Nouvelle-Calédonie, les racines et la pirogue

Archipel de 18000 km² en plein océan Pacifique, la Nouvelle-Calédonie accueille une prodigieuse diversité de langues et de communautés culturelles pour un peu moins de 300.000 habitants. Ses expressions musicales, longtemps polarisées et éclatées, amalgament petit à petit les références traditionnelles kanak et les emprunts au Tout-Monde…

 

En septembre 2019, comme tous les cinq ans, les agents recenseurs iront taper aux portes et aux chambranles de toute la Nouvelle-Calédonie. Une nouvelle fois, figurera une question sur l’appartenance communautaire affichée par le sondé : kanak, européenne, wallisienne et futunienne, indonésienne… C’est le seul territoire français où une telle précision est requise. La segmentation en grands groupes ethniques et culturels ainsi révélée alimente par ailleurs la richesse d’une société amenée dans les prochains mois à s’accorder sur un futur institutionnel.
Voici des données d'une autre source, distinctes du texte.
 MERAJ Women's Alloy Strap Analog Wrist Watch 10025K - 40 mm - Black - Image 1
Quant au tiraillement constant entre affirmation identitaire d’une part, et attirance pour les influences extérieures d’autre part, il est certes caractéristique d’un archipel francophone isolé dans une région du monde majoritairement anglophone, mais surtout de son expression musicale si diverse.

 

Le kaneka, « cadence née des Kanak », est apparu dans les années 80 grâce à l’impulsion visionnaire du leader politique Jean-Marie Tjibaou. Cette musique a cumulé les fonctions de porte-voix pour 28 langues kanak encore parlées, et de porte-parole pour un peuple déconsidéré voire ségrégué sur ses propres terres. D’emblée, le mouvement s’est nourri du terreau fertile des traditions, arrosé d’apports instrumentaux et stylistiques des musiques du Monde. Bien avant l’arrivée des explorateurs européens, les îles du Pacifique étaient reliées ; il n’y avait pas de frontières entre ce qu’on a appelé plus tard « Mélanésie » et « Polynésie ». Ce métissage d’influences se ressent jusque dans les pratiques culturelles.
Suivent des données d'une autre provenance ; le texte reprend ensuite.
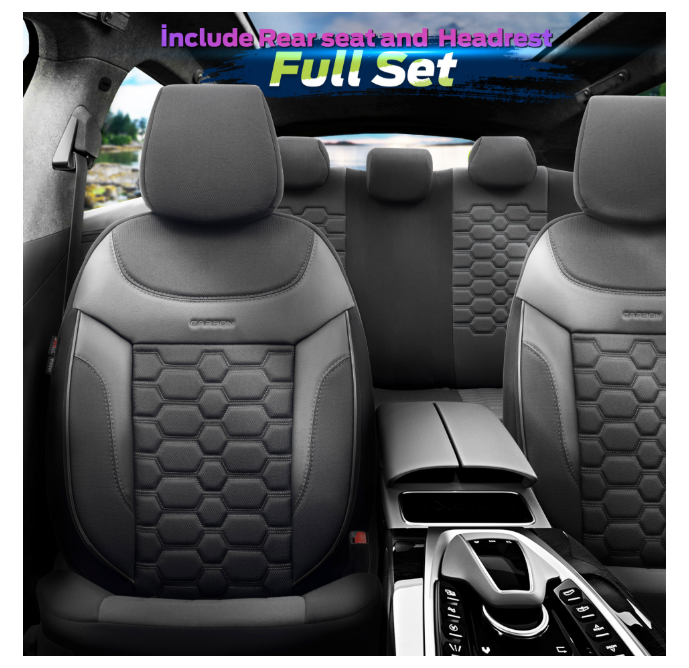 Luxury upholstery OTOM textile with eco leather CARBON Design – Black with grey stitching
À l’origine, les chants aé-aé, dont on entend régulièrement l’écho dans les morceaux contemporains, figurent le refrain éternel des cours d’eau, en même temps qu’ils remontent à la source des généalogies kanak. Les percussions, elles, font tressaillir et parler la terre, qu’elle soit travaillée pour accueillir l’igname ou balafrée pour l’exploitation du nickel. Confectionnés à partir d’écorces, de feuilles, de bambou, les instruments traditionnels ont participé à la signature d’un son caractéristique lorsqu’ils ont été convoqués pour irriguer le kaneka. Les missionnaires, venus au 18ème siècle, y ont de leur côté rencontré les voix mélanésiennes, et aujourd’hui encore l’héritage polyphonique s’entend dans les odes puissamment interprétées, en particulier dans les refrains.

 

 

À ce patrimoine s’est greffé l’ajout d’instruments laissés au fil des décennies par les visiteurs – des santaliers aux soldats US : le sifflet utilisé sur les navires, devenu en langue drehu “wessel” par déformation du “whistle” rappelant la langue des premiers visiteurs, et qui scande désormais les chants et danses traditionnelles ; l’harmonica qui a essaimé sur tout l’archipel ; la guitare, apprivoisée souvent dans un style picking.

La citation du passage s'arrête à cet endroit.